Work item: All entries below are to be written out again exactly, but no picture is to be copied.

Records for processing:

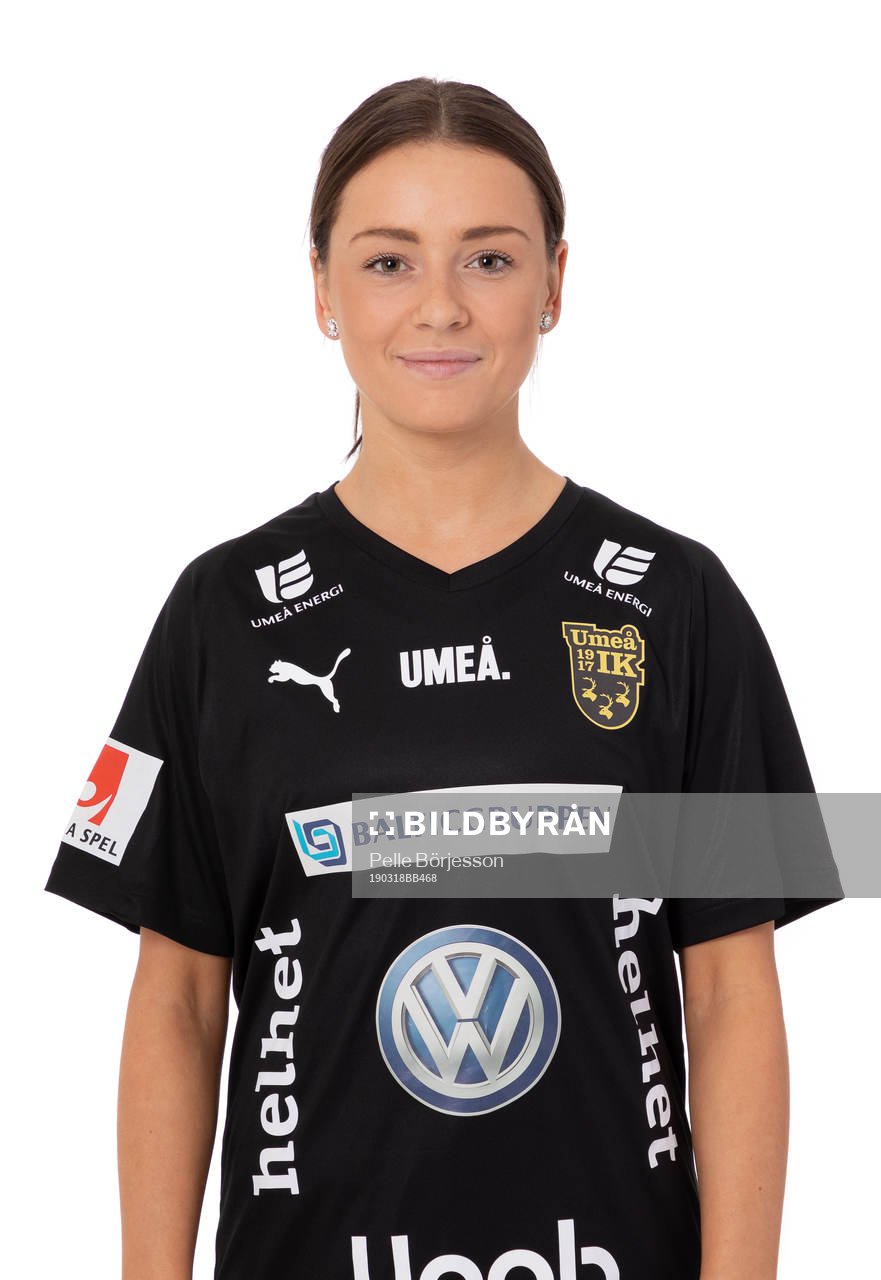 Umeås Frida Jonsson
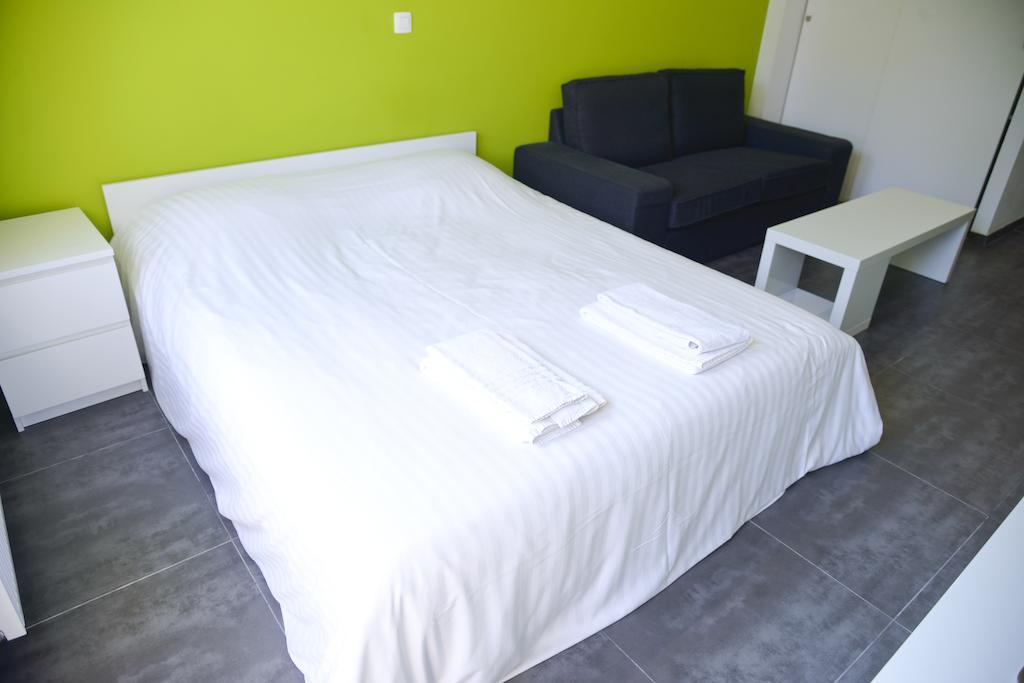 Apartments Residence Louise Bruxelles Chambre photo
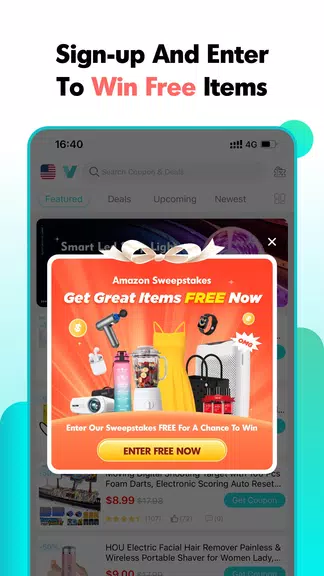 Vipon - Ofertas y cupones Captura de pantalla 2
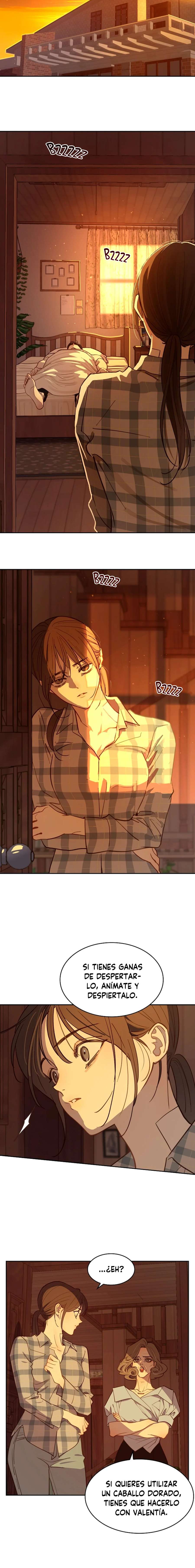 Las Flores Son Cebo Capítulo 16 - Page 5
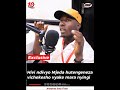 UONGO NI SEHEMU YA KAZI YA WACHEKESHAJI WIMA 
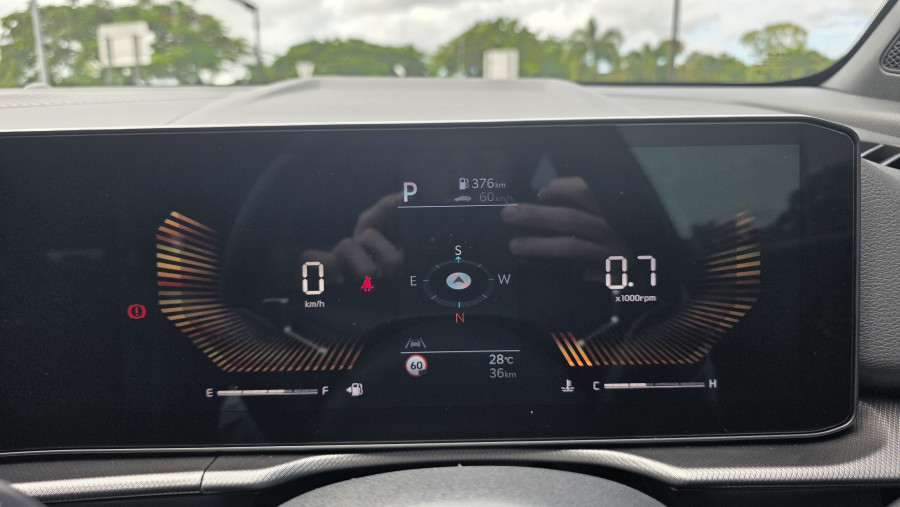 2025 MY26 Kia Sportage NQ5 PE SX+ SUV Image 15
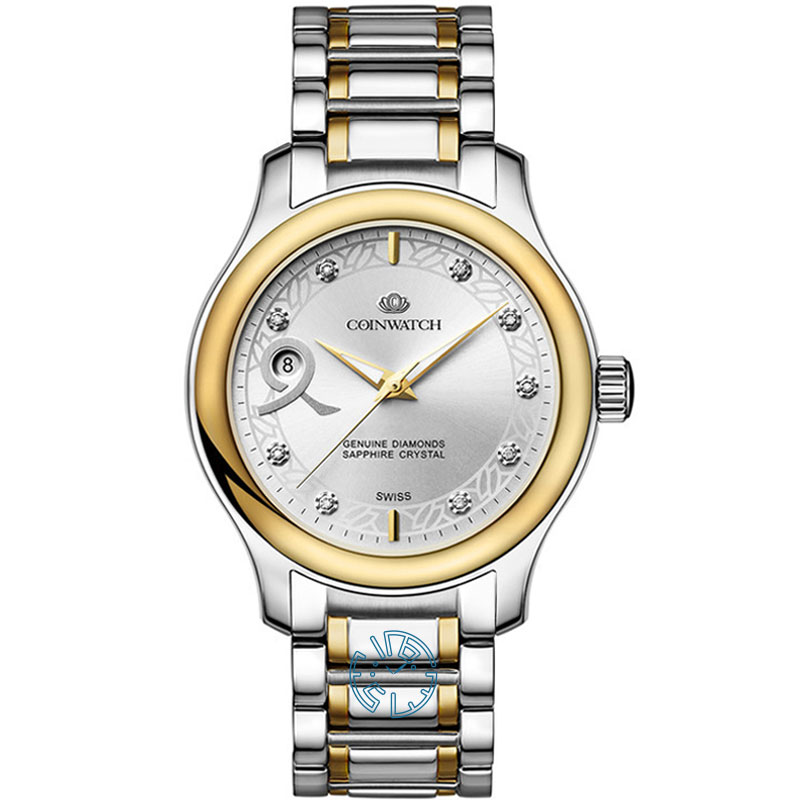 ساعت مچی مردانه کوین واچ COINWATCH C132TSF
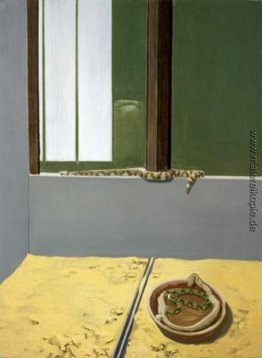 Serpents et assiette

Written response:
 Umeås Frida Jonsson
 Apartments Residence Louise Bruxelles Chambre photo
 Vipon - Ofertas y cupones Captura de pantalla 2
 Las Flores Son Cebo Capítulo 16 - Page 5
 UONGO NI SEHEMU YA KAZI YA WACHEKESHAJI WIMA 
 2025 MY26 Kia Sportage NQ5 PE SX+ SUV Image 15
 ساعت مچی مردانه کوین واچ COINWATCH C132TSF
 Serpents et assiette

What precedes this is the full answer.